Opinion

Downhill politics practiced too often in Augusta

Yes, there were frustrations, but on balance, I really enjoyed my 10 years (1989-2000) working as “communications guy” with Republican legislators in the Maine House and Senate. What a great way to learn about the making of state law and how government works. Hired solely on my communication credentials, I came into the State House a clean slate. Never having worked in government or politics, I arrived without prejudice or expectations.

Most of my time at the State House, especially during the steep learning curve of my first years, I observed everything, taking my environment at face value. Mostly I saw elected and appointed officials and staffers from two major political parties who, when together on non-political, non-lawmaking business (ie. chatting in the halls) acted the same as co-workers mingling in any work setting.

With the Legislature in session, and during other political events, the interaction among those same State House groups was more formal, more business-like.

The same work protocol applied to my interactions with State House reporters and lobbyists. Seeing reporters’ offices, where daily State House news was assembled and sent out all over Maine. Putting faces and personalities to reporter names familiar through newspaper bylines, radio and tv appearances. The opportunity to watch these reporters at work, and ask them how or why they did what they did? What a privilege.
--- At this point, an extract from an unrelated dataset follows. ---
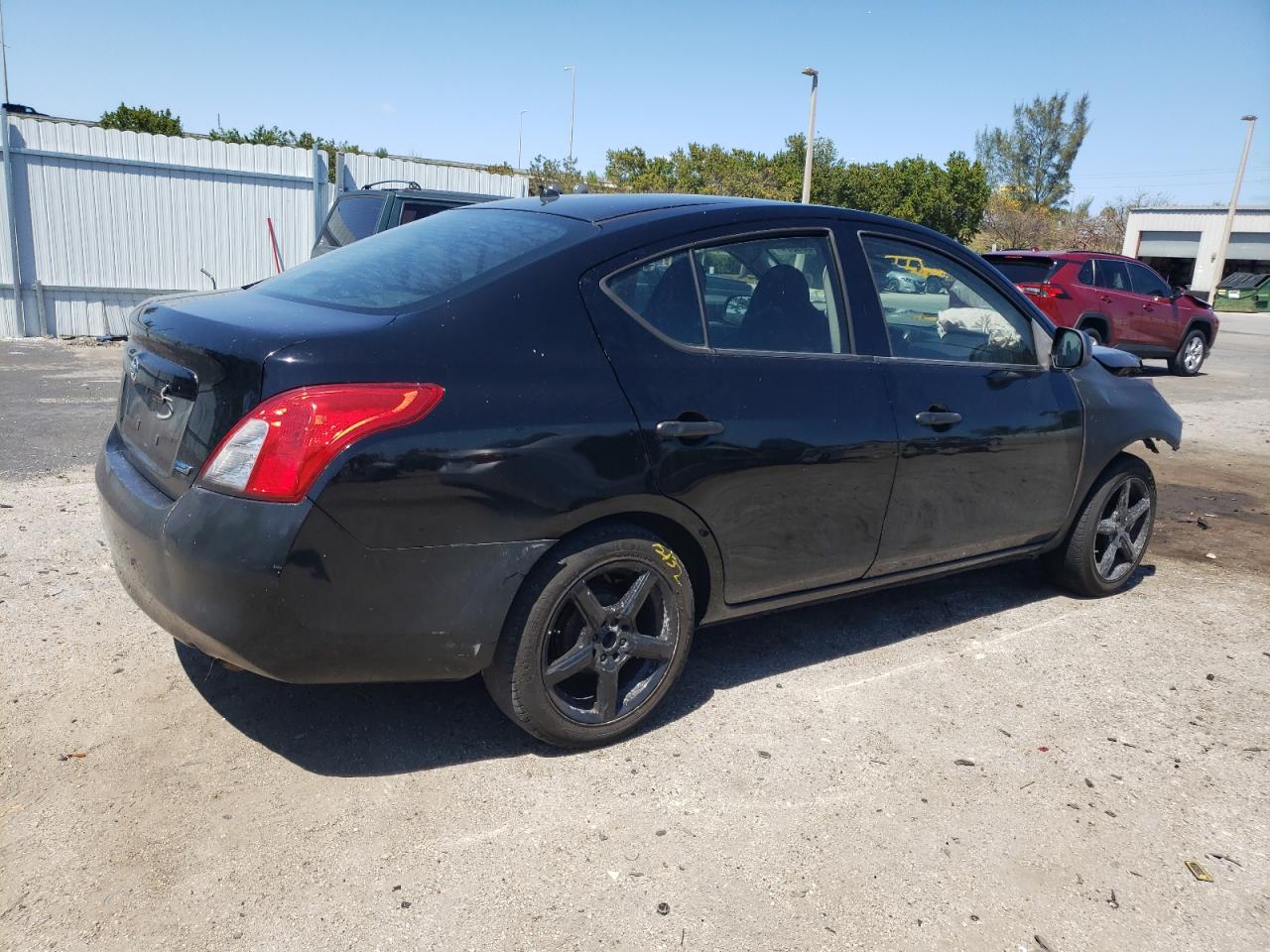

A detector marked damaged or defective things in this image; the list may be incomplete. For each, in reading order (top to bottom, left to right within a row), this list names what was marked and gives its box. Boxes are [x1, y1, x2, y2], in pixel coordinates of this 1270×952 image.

In January 2000 I left the State House. Coming back 10 years later as the Senate President’s communications director, the State House atmosphere had changed.

There was always a State House faction among elected officials, the press, political groups, lobbyists that put politics above everything. By 2010 that faction had grown and infected more of the State House operations. If you were not one of “them,” you were the enemy. Any working together was strictly out of necessity, biding time until the faction gained more power. Then they reversed any earlier agreements not part of their political goals.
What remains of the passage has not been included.